| Given information |
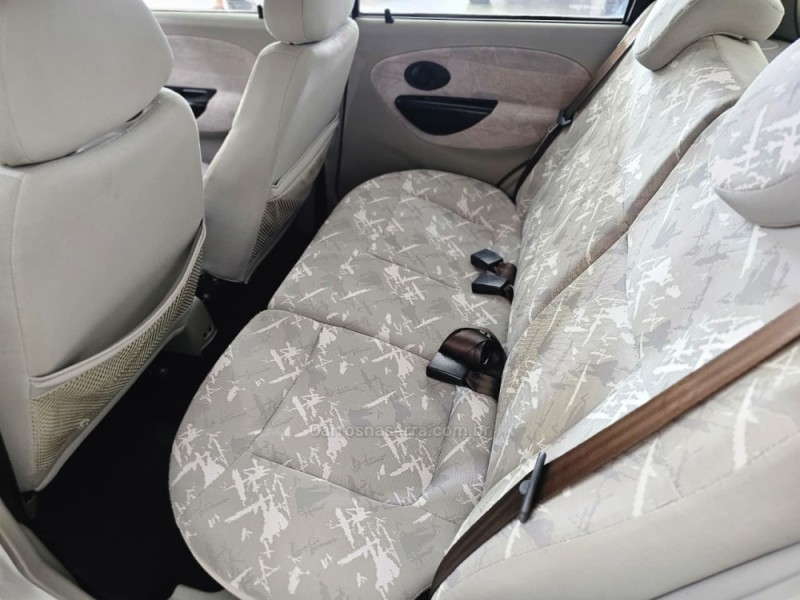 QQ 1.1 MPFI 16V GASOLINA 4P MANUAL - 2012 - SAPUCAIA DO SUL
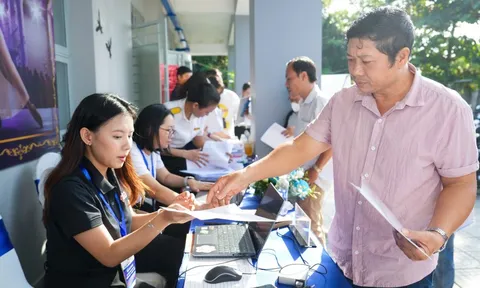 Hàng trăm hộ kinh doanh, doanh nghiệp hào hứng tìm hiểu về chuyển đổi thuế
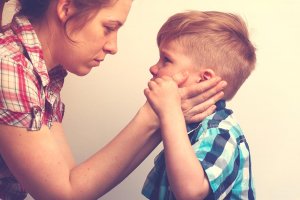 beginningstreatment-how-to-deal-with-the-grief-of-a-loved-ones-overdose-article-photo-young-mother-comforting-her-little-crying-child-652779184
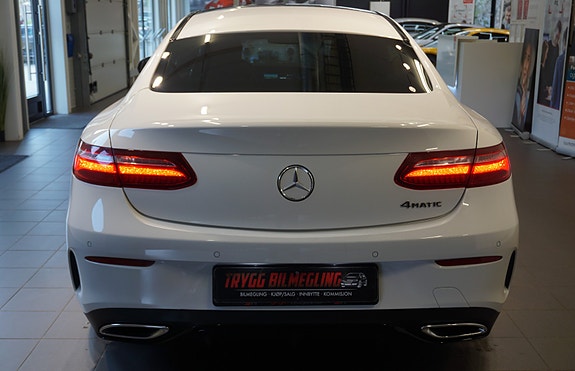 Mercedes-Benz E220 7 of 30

| Exercise details |
The whole listing must be transcribed exactly. No pictures belong in the copy.

| Output of the task |
 QQ 1.1 MPFI 16V GASOLINA 4P MANUAL - 2012 - SAPUCAIA DO SUL
 Hàng trăm hộ kinh doanh, doanh nghiệp hào hứng tìm hiểu về chuyển đổi thuế
 beginningstreatment-how-to-deal-with-the-grief-of-a-loved-ones-overdose-article-photo-young-mother-comforting-her-little-crying-child-652779184
 Mercedes-Benz E220 7 of 30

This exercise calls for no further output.